(Captioned web images)
********

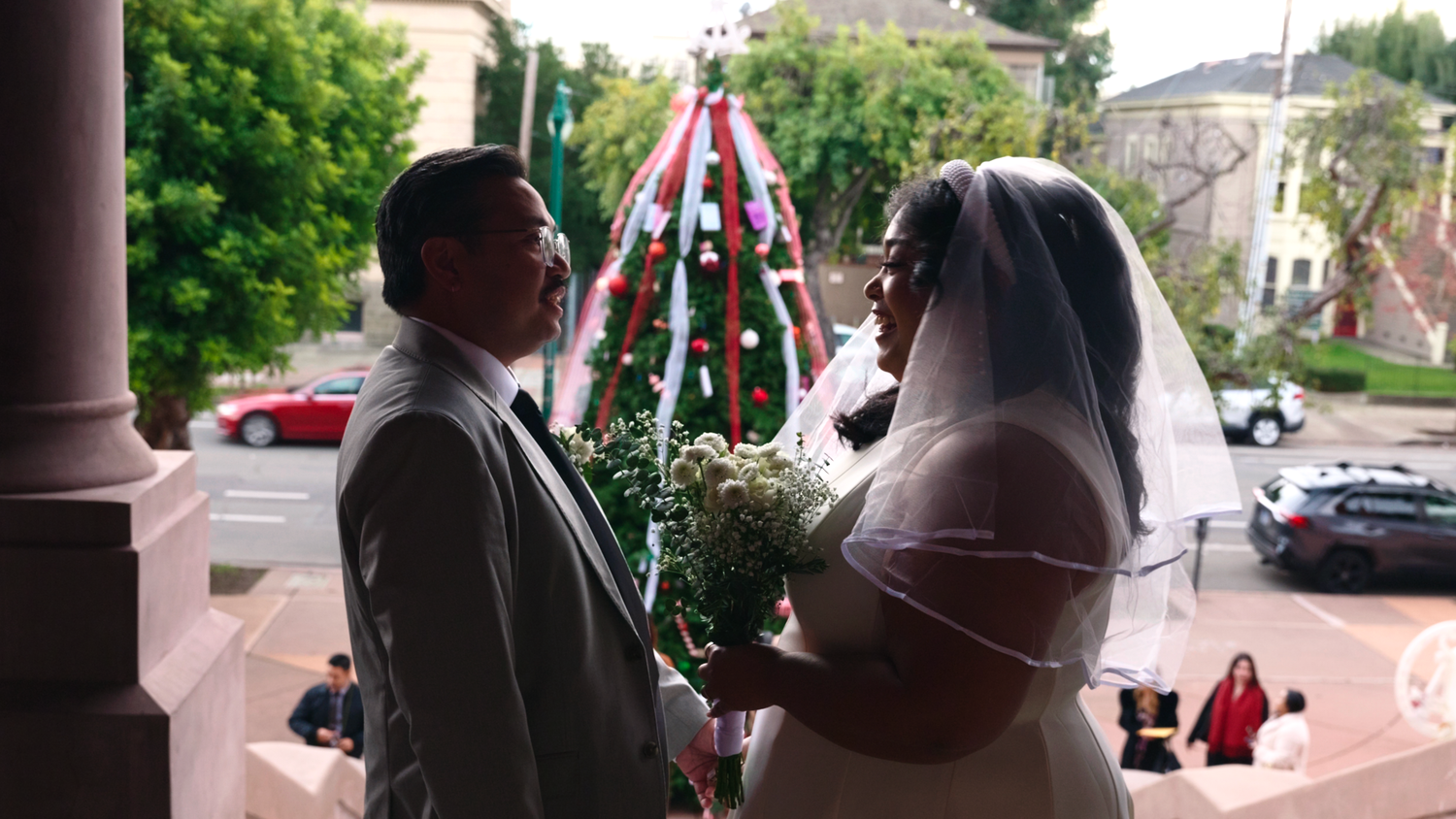Two individuals get ready to get married. Atop the steps of Alameda city hall, they away for the ceremony to begin.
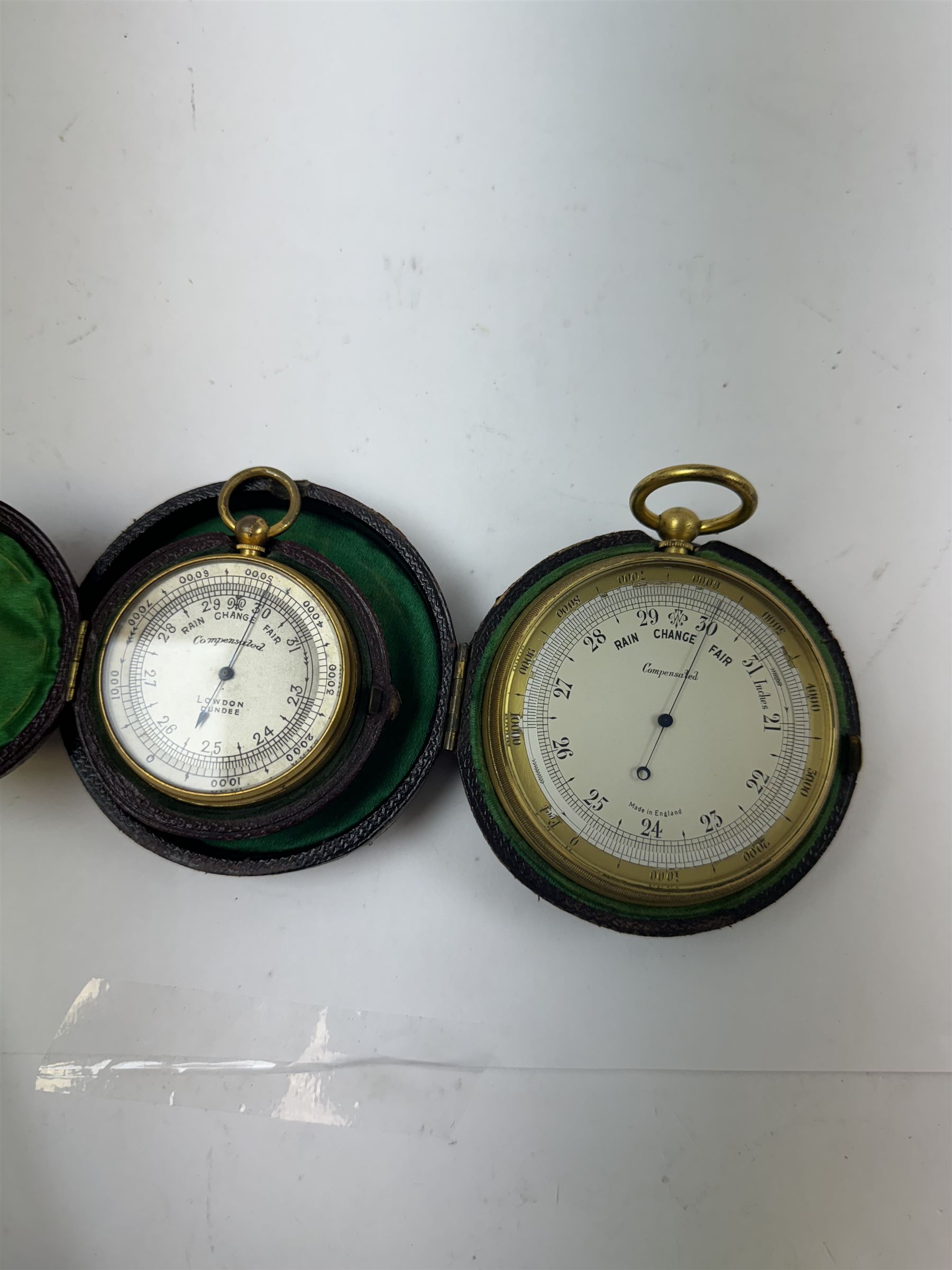 Lowdon Dundee, an early 20th century leather cased pocket barometer with silver dial, D4cm, together with another larger and later example, both cased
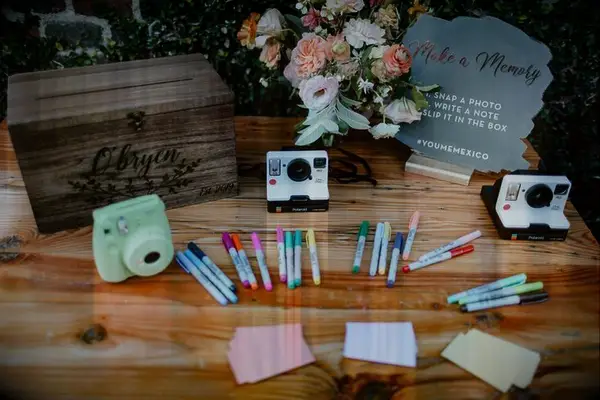Table with pens and Polaroid cameras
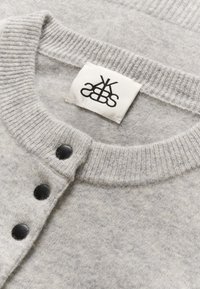 Harmaa neulottu neuletakki, jossa on resorinen pääntie, mustat napit edessä ja sisäpuolella ommeltu kangasmerkki logolla.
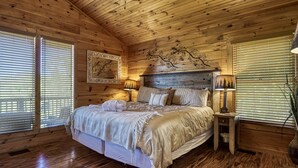 Een gezellig slaapkamer in een houten blokhut, met een groot bed, twee nachtkastjes en een hoofdbord met een decoratieve takkenprint.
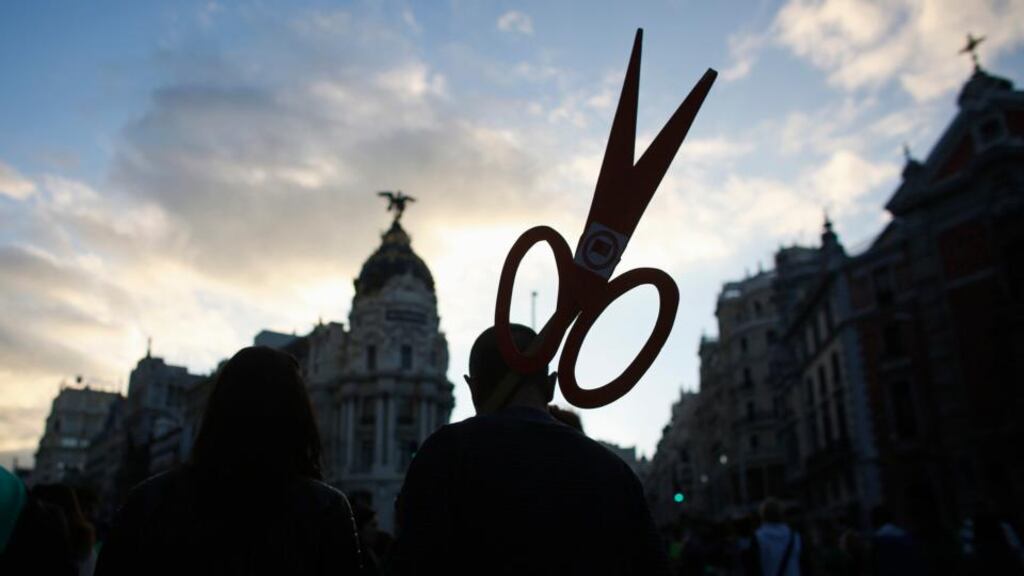 Cut to the quick: an anti-austerity protester in Madrid. Without emigration, youth unemployment here might be higher than in Spain. Photograph: Paul Hanna/Reuters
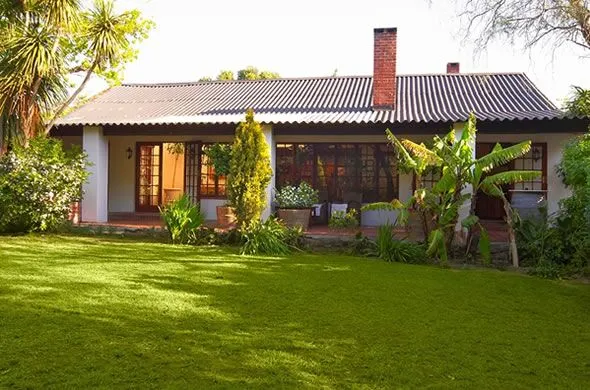 Singlestory house with large windows surrounded by greenery and a wellkept lawn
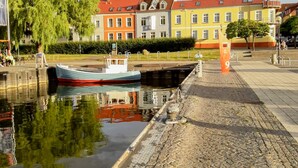 A canal with a boat docked, a bridge, and colorful buildings in the background.
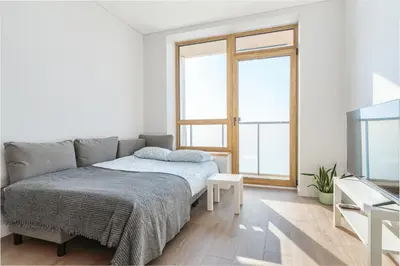a white bedroom with a bed and a tv at Two room Apartment - self check-in in Vilnius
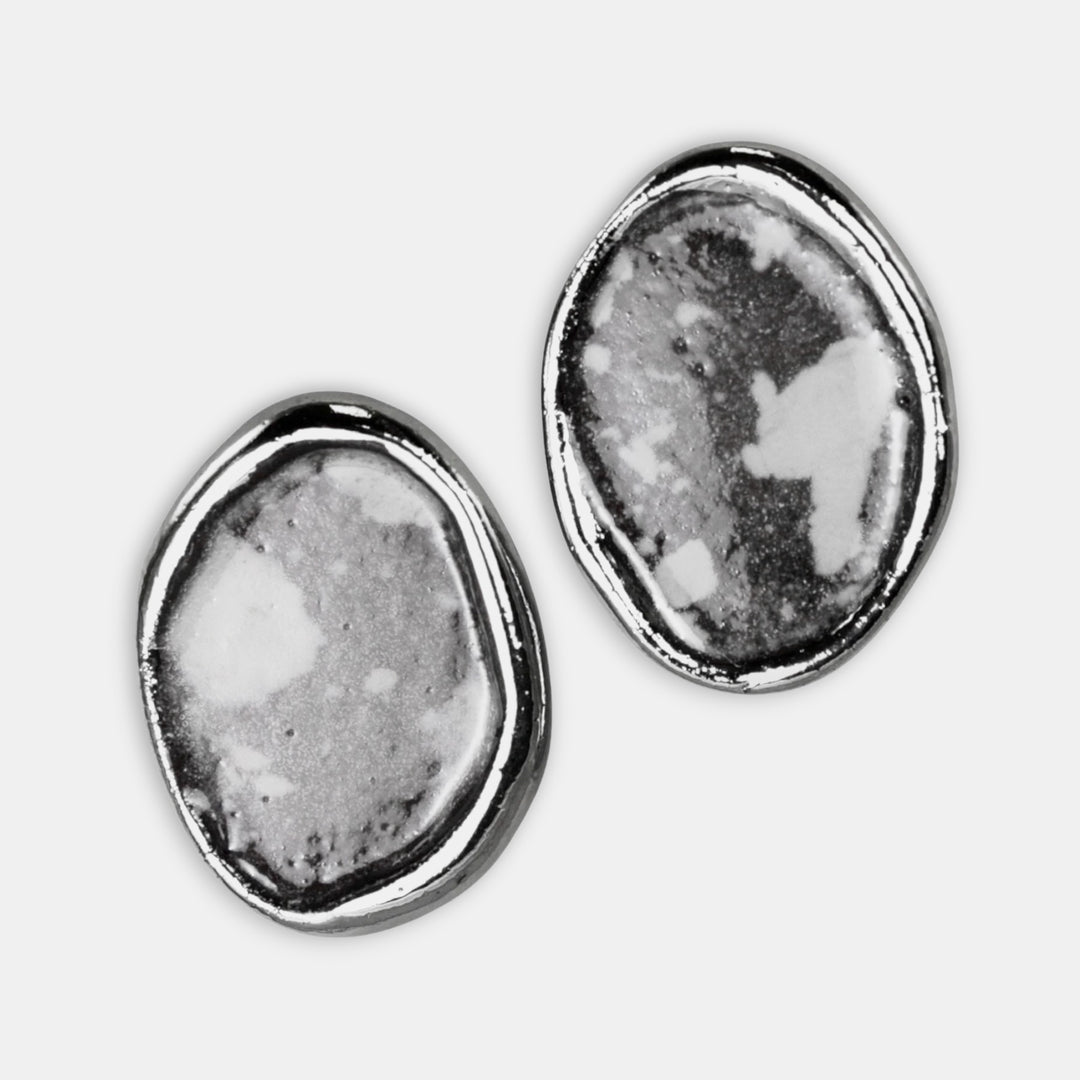 Pair of porcelain earrings with textured design on a white background by FreakyFoxx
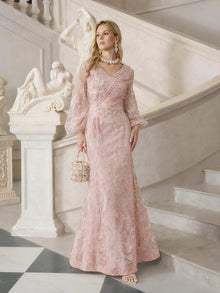 A woman wears the Social Queen Hand-Beaded Lace Mermaid Dress in pink on marble stairs, holding a small embellished handbag, with classical statues in the background.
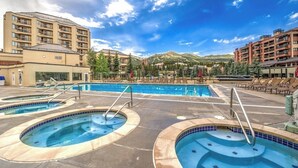 Ett hotell med ett poolområde, flera swimmingpooler och en bergig bakgrund.
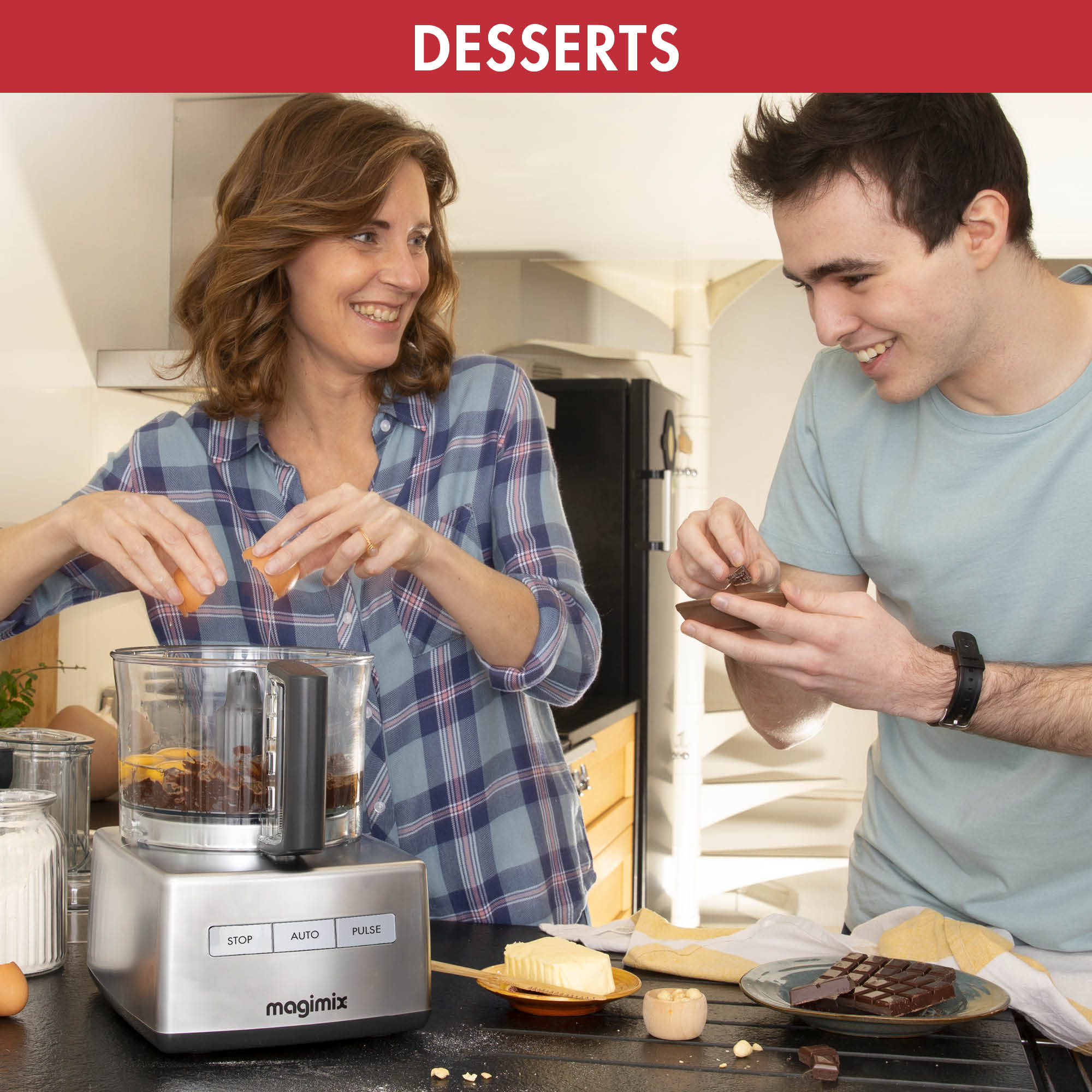 Two people preparing a dessert with a food processor. Ingredients like eggs, chocolate, and butter are present.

********

▸ **Problem requirements**:
Only the lines from the one that contains "Harmaa neulottu neuletakki, jossa" to the end of the records, inclusive, are to be quoted exactly, with pictures excluded.

▸ **Solved problem**:
 Harmaa neulottu neuletakki, jossa on resorinen pääntie, mustat napit edessä ja sisäpuolella ommeltu kangasmerkki logolla.
 Een gezellig slaapkamer in een houten blokhut, met een groot bed, twee nachtkastjes en een hoofdbord met een decoratieve takkenprint.
 Cut to the quick: an anti-austerity protester in Madrid. Without emigration, youth unemployment here might be higher than in Spain. Photograph: Paul Hanna/Reuters
 Singlestory house with large windows surrounded by greenery and a wellkept lawn
 A canal with a boat docked, a bridge, and colorful buildings in the background.
a white bedroom with a bed and a tv at Two room Apartment - self check-in in Vilnius
 Pair of porcelain earrings with textured design on a white background by FreakyFoxx
 A woman wears the Social Queen Hand-Beaded Lace Mermaid Dress in pink on marble stairs, holding a small embellished handbag, with classical statues in the background.
 Ett hotell med ett poolområde, flera swimmingpooler och en bergig bakgrund.
 Two people preparing a dessert with a food processor. Ingredients like eggs, chocolate, and butter are present.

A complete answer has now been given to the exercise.